**TASK OBJECTIVE:**
Write out nothing except the lines of the entries below, from the first through the one containing "I did a tips", exactly and without pictures.

**MATERIAL PROVIDED:**
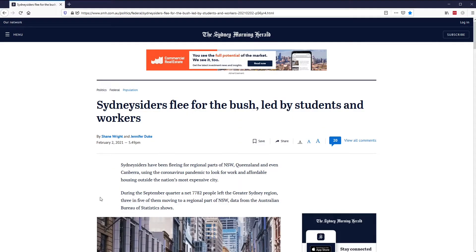During the September quarter, a net 7,782 people left the greater Sydney region, three in five of them moving to a regional part of New South Wales, according to the Australian Bureau of Statistics. That's a lot of people — but compared to what? This is our first lesson: the same number can be good or bad, big or small, depending on its context and what population we are comparing it to.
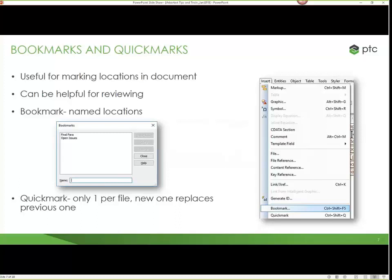I did a tips and tricks webinar about a year ago, so I tried to come up with fresh ideas. One thing I didn't cover that I think is really useful is the bookmarks and quickmarks feature. Literally what you're doing is marking a location in your document — helpful if you need to come back to something to check it, or if you're sharing a file and want someone to give you feedback on a particular section. The difference is that bookmarks are named and saved from session to session, while a quickmark is a one-time shot — you only get one quickmark per file, and creating a new one replaces the old location.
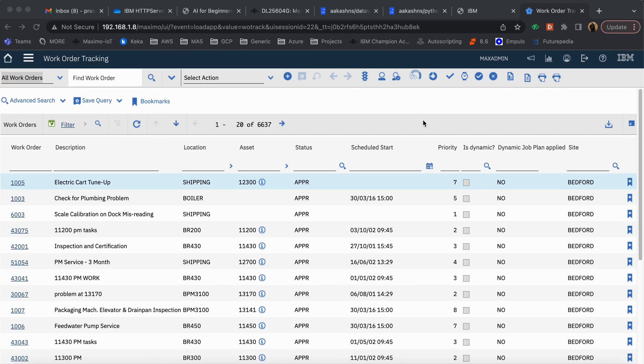In this use case video, we will see how Maximo can be integrated with Google Bard. Google Bard is the AI platform provided by Google, and the use case we will see here is the technician is actually working on a work order and is not able to find some information, so he wants to ask that information from Google Bard.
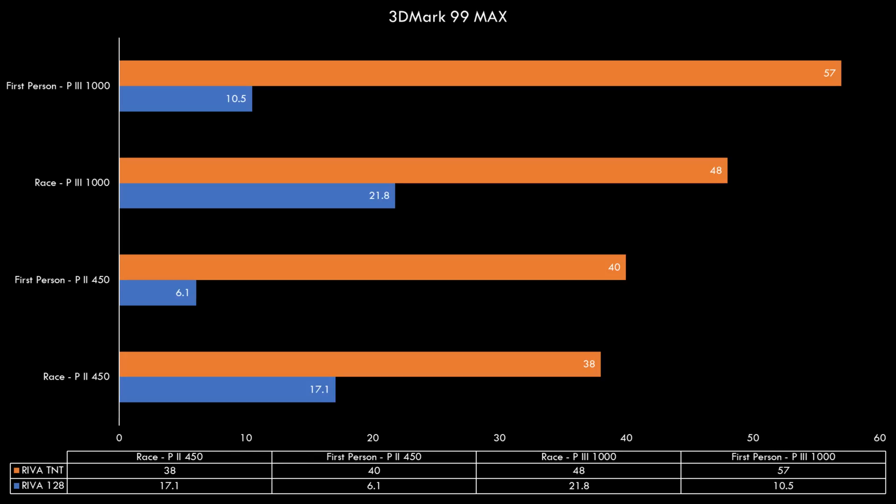Upgrading the processor from the Pentium 2 450 to a Pentium 3 1 GHz and both cards pick up speed with the RIVA TNT showing a much larger performance gain. But it is clear that both cards are benefitting from the extra CPU power and couldn't show their true potential with what was available in 1998.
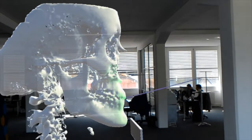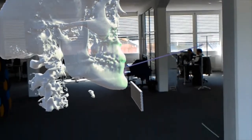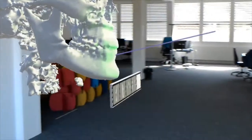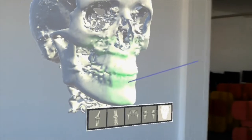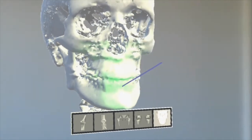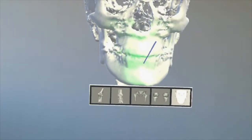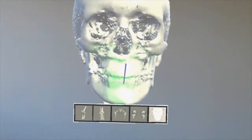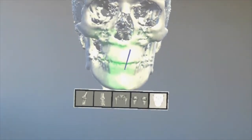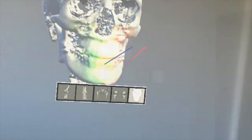We enable the user to interact with the displayed model in several ways. Interesting parts of the structure can be highlighted and the model is zoomable.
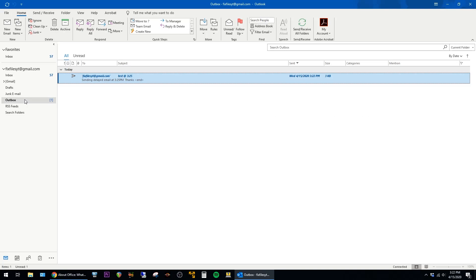This, of course, means that you have to keep your computer turned on and Outlook open for this to work. Otherwise, the email will just stay in the Outbox and not send until the next time you open Outlook.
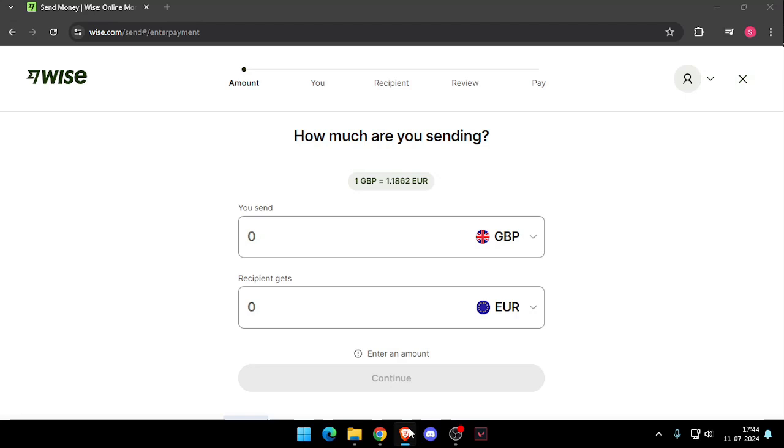First thing first, you need to create a Wise account. You can do this either online or by downloading the Wise app. Once you made the account, you will see this screen here.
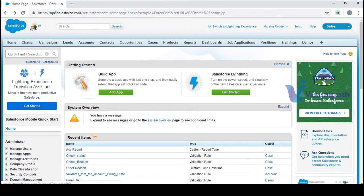Escalation rules only work for cases. Essentially, escalation means moving to the next level when you're not satisfied with a solution. For example, if you give your car to a service center and you're not happy with the service, you escalate to the manager or the concerned head of the team to discuss what your issue is and why it wasn't resolved.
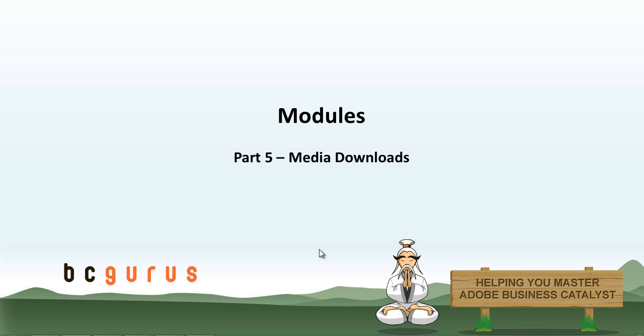Hello, this is Carol Lemke from BCGurus and this is part 5 of the module series. In this video we will focus on the Media Downloads module.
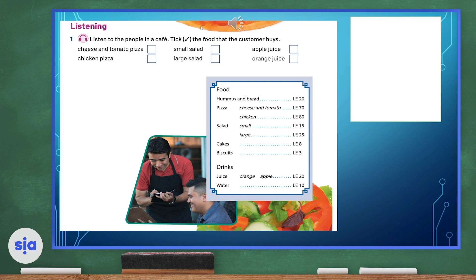Is that everything? Yes, it is. That's 105 pounds, please. Thank you. Here you are.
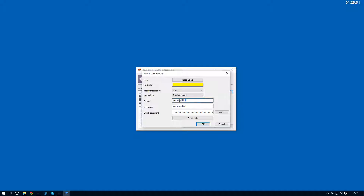Next up we've got the channel name. This is the Twitch channel that you're actually going to be watching, so if you want to join a specific channel you just type that in here. We've got the user name — this is the name of the Twitch account that you'll be using. And in order to connect you need the username and also an authorization password.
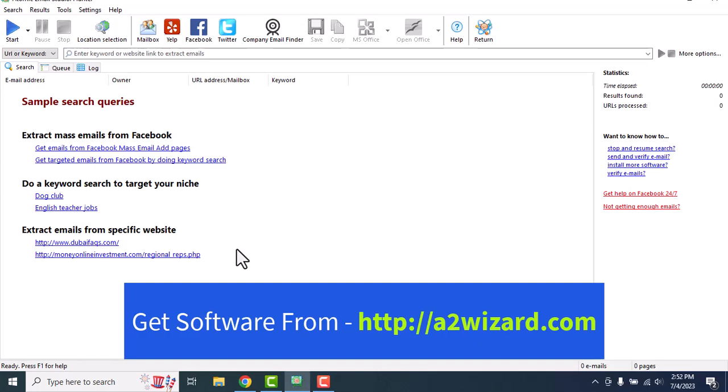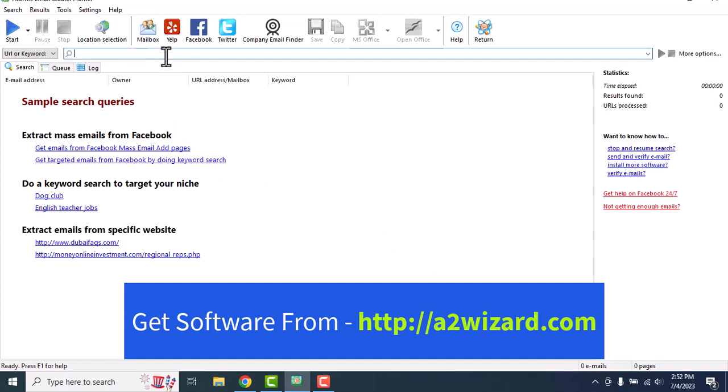Welcome everyone. Today I'm going to show you the fastest email extractor software. This software also has an email verify tool and it comes with a bulk email sender. You do not need any SMTP server for this software to run. I've got hundreds of emails and messages asking me which is the best email extractor software — and on your screen, this is it.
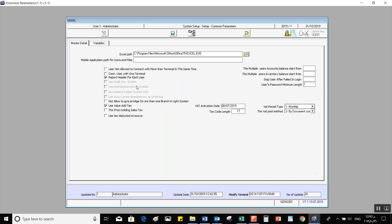Then we have Use Individual Inventory Systems — activating this variable allows you to use the inventory system as a separate system. Use General Ledger System Only — if you need to use only the General Ledger system as an individual system, activate this variable. If you want General Ledger to connect with other systems, do not activate it. By default, this depends on the client's preference or the type of activity.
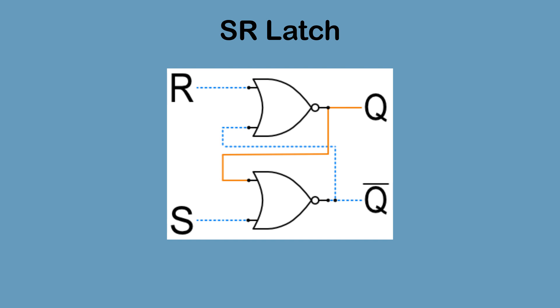So now let's reset the latch. When the reset signal becomes high, the top NOR gate no longer has two false inputs, so it returns false. This switches the Q output to off, and it feeds back into the bottom NOR gate. The bottom NOR gate now has two false inputs, so it returns true and it feeds back into the top NOR gate, and inverse Q is switched on. When the reset input returns to low, the latch remains latched in the reset setting.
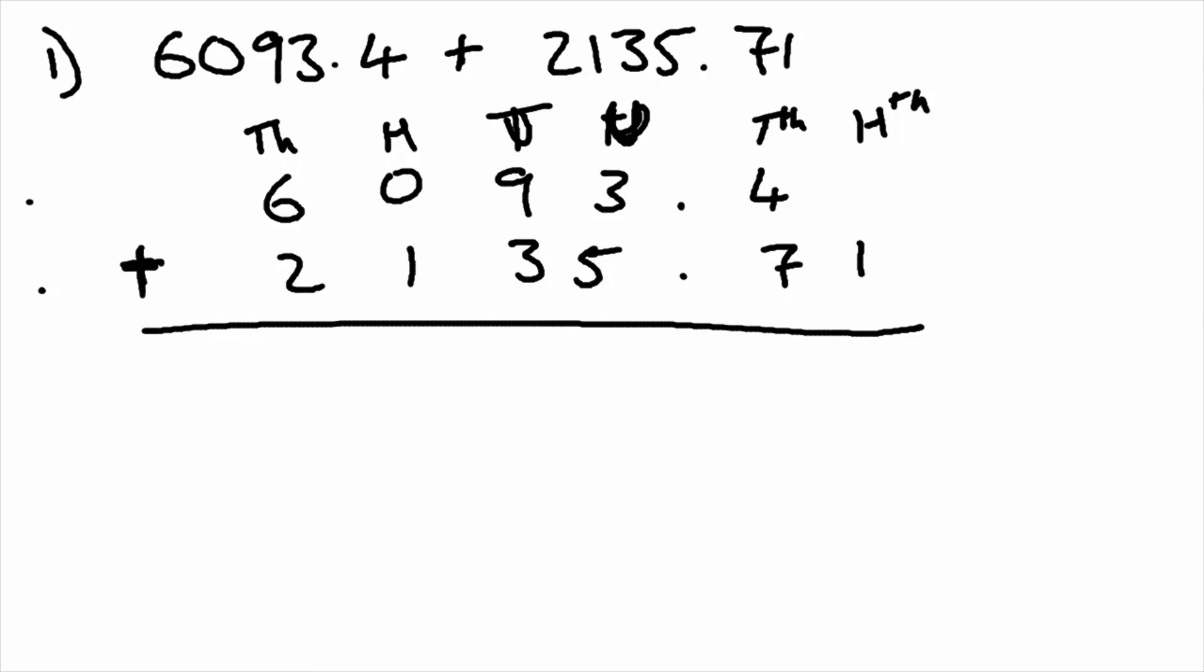So we move from right to left. We start in the hundredths. The gap here means it's a zero. We've got zero hundredths for the top number. We're just going to put that in there as a placeholder. So zero plus one is one.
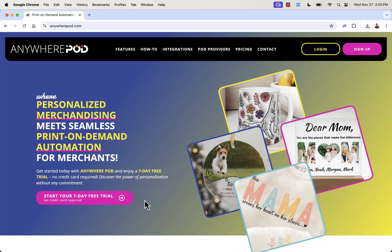That was Anywhere POD — highly recommended. As you saw, it's a really powerful app and super easy to use. All you need to do is click the link directly below this video, start your seven-day free trial, jump in, get these personalized products in your store, and explore all the other awesome features. A really cool way to build your print on demand empire. Link directly below this video — highly recommended. Hope this helps you make some money, and I'll talk to you real soon. Thanks.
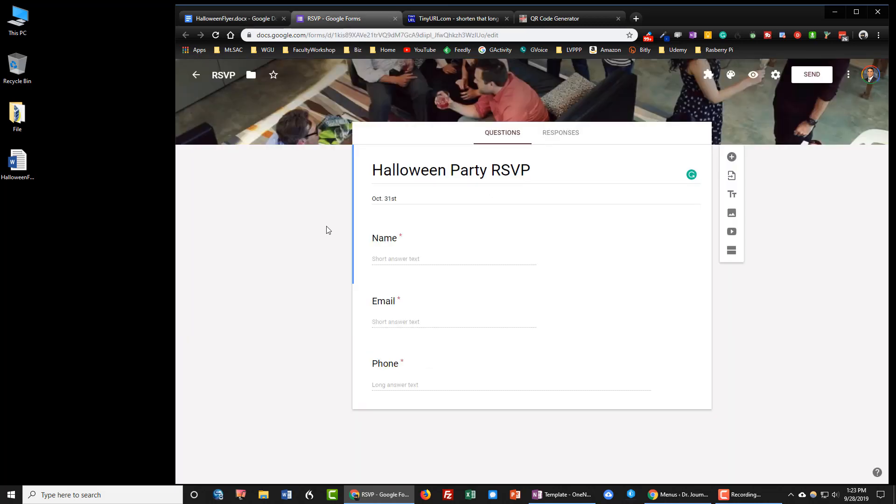Now I've got a simple RSVP form right over here where I'm going to be collecting their name, email, and phone number and what I want is a QR code and a link that will direct them to this form.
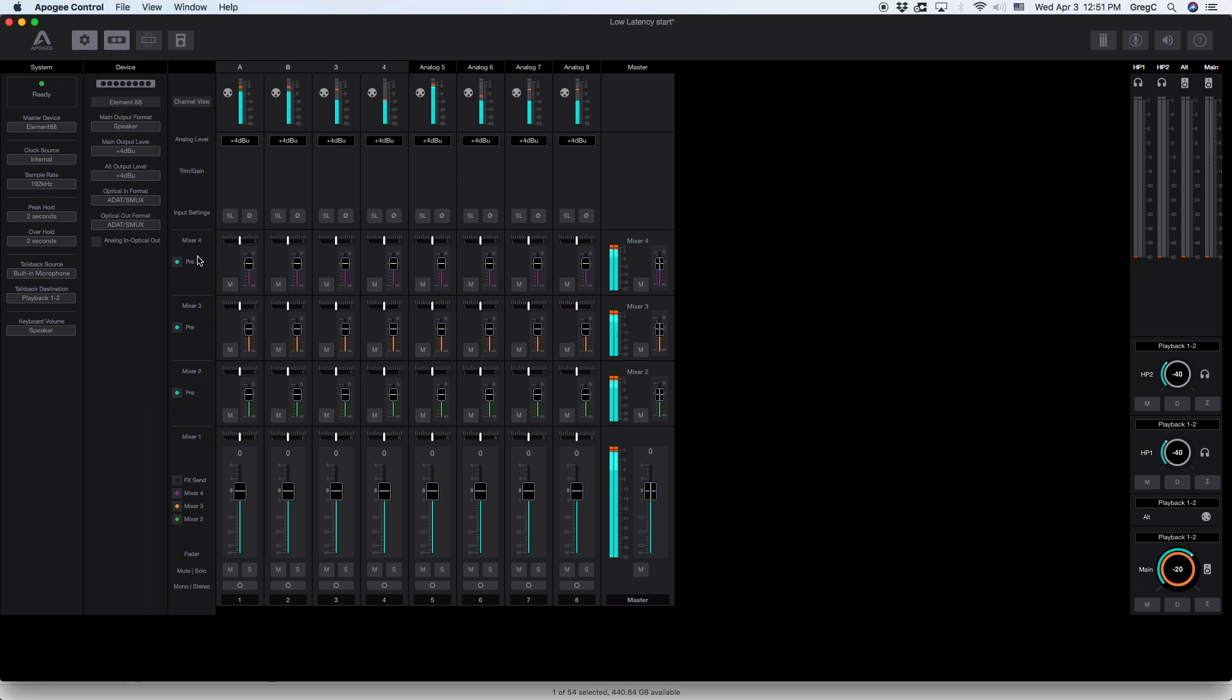By using mixer you can adjust the volume and panning for each input going to the mixer bus creating custom mixes for different outputs.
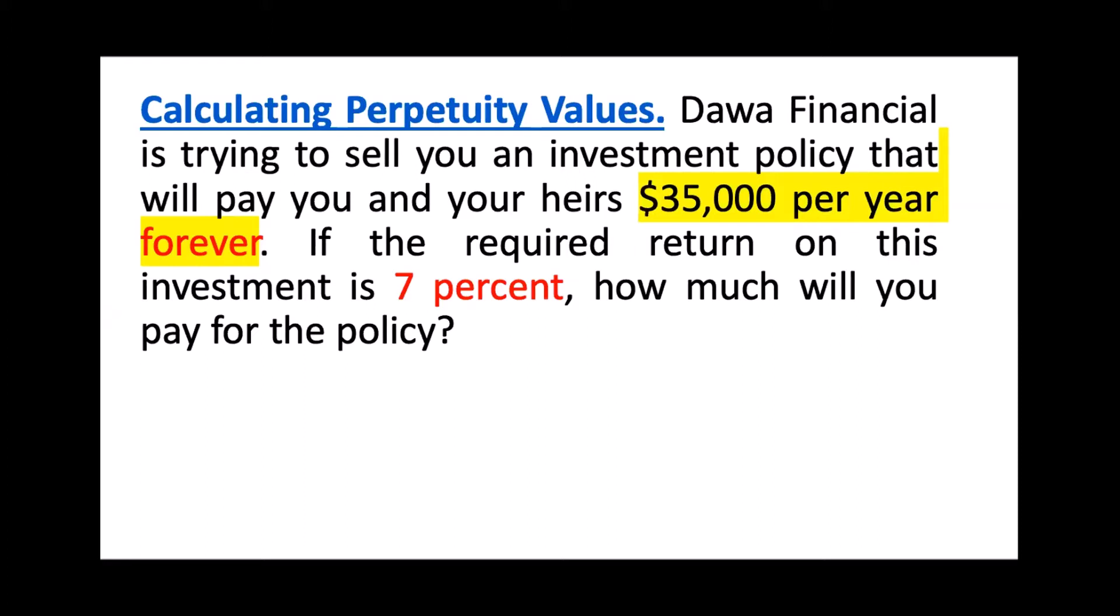If the required return on this investment is 7%, how much will you pay for the policy? When you read through these kinds of questions, you must note a few key points. Those that are highlighted are the key points here. This investment policy will pay you and your next generation forever, for eternity. The keyword says forever - $35,000 per year. The required return is 7%. So how much will you pay for this policy?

**SOLUTION TO THIS TASK:**
During the September quarter, a net 7,782 people left the greater Sydney region, three in five of them moving to a regional part of New South Wales, according to the Australian Bureau of Statistics. That's a lot of people — but compared to what? This is our first lesson: the same number can be good or bad, big or small, depending on its context and what population we are comparing it to.
I did a tips and tricks webinar about a year ago, so I tried to come up with fresh ideas. One thing I didn't cover that I think is really useful is the bookmarks and quickmarks feature. Literally what you're doing is marking a location in your document — helpful if you need to come back to something to check it, or if you're sharing a file and want someone to give you feedback on a particular section. The difference is that bookmarks are named and saved from session to session, while a quickmark is a one-time shot — you only get one quickmark per file, and creating a new one replaces the old location.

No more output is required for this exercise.